Linux GPIO subsystem separates GPIO providers and GPIO consumers.

GPIO Consumer Driver
    gpio_desc
      gpiolib
    gpio_chip
GPIO Controller Driver
 Hardware Registers

The GPIO controller driver exposes GPIO lines through gpio_chip.

Consumer drivers acquire GPIO resources from Device Tree and access them through GPIO descriptors.

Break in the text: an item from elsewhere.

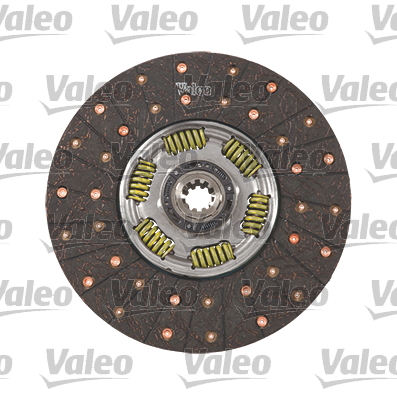 Clutch Kit - 827274 VALEO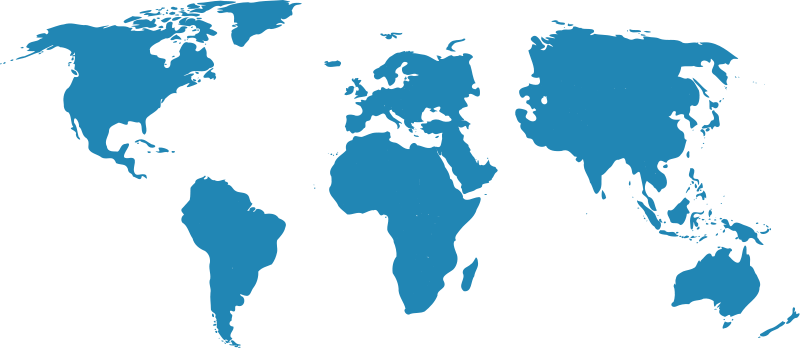 mapa vision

GPIO Controller vs GPIO Consumer

GPIO Controller Driver

Responsible for:

  • Registering GPIO lines
  • Managing GPIO hardware
  • Implementing GPIO operations

Typical structure:

struct gpio_chip {
    int (*direction_input)(...);
    int (*direction_output)(...);
    int (*get)(...);
    void (*set)(...);
};

Examples:

  • SoC GPIO controller driver
  • I2C GPIO expander driver
  • SPI GPIO expander driver

GPIO Consumer Driver

Responsible for:

  • Requesting GPIO resources
  • Configuring GPIO direction
  • Reading GPIO inputs
  • Controlling GPIO outputs

Consumer drivers never access GPIO controller hardware directly.

Instead they use GPIO descriptor APIs.


Device Tree GPIO Binding

GPIO resources are described in Device Tree.

Example:

my-device {
    reset-gpios = <&gpio0 7 GPIO_ACTIVE_LOW>;
    enable-gpios = <&gpio0 5 GPIO_ACTIVE_HIGH>;
};

A GPIO specifier contains:

<&gpio_controller offset flags>

Meaning:

Field Description
GPIO controller GPIO provider
offset GPIO line number within controller
flags Active-high or active-low configuration

GPIO Descriptor Model

Consumer drivers do not operate GPIO numbers directly.

Instead:

Device Tree
gpio_desc
gpiod API

Each GPIO line is represented by a descriptor.

Conceptually:

struct gpio_desc {
    struct gpio_chip *chip;
    unsigned int offset;
    bool active_low;
};

The descriptor layer provides:

  • Ownership tracking
  • Active-low translation
  • GPIO abstraction

GPIO Consumer APIs

Request GPIO

Mandatory GPIO:

reset_gpio =
    devm_gpiod_get(dev, "reset");

Looks up:

reset-gpios

from Device Tree.


Optional GPIO

Optional GPIO:

enable_gpio =
    devm_gpiod_get_optional(dev, "enable");

Looks up:

enable-gpios

If the property does not exist:

NULL

is returned.


Configure Direction

Output:

gpiod_direction_output(desc, value);

Input:

gpiod_direction_input(desc);

Set Output Value

gpiod_set_value(desc, value);

Logical values are used.

For active-low GPIOs:

logical 1
physical 0

logical 0
physical 1

Read Input Value

value = gpiod_get_value(desc);

Returned value is a logical value.


GPIO Consumer Driver Flow

Typical probe flow:

probe()
devm_gpiod_get()
gpiod_direction_output()
gpiod_set_value()
device ready

Example:

reset_gpio =
    devm_gpiod_get(dev, "reset");

enable_gpio =
    devm_gpiod_get_optional(dev, "enable");

gpiod_direction_output(reset_gpio, 1);
gpiod_direction_output(enable_gpio, 1);

gpiod_set_value(reset_gpio, 0);

Remove Flow

Typical remove flow:

remove()
disable device
assert reset
release resources

Example:

gpiod_set_value(enable_gpio, 0);
gpiod_set_value(reset_gpio, 1);

Relationship with Platform Drivers

GPIO consumer APIs are commonly used inside platform drivers.

Device Tree
Platform Driver
probe()
devm_gpiod_get()
gpio_desc
gpiod_set_value()

This is the standard GPIO access model used throughout the Linux kernel.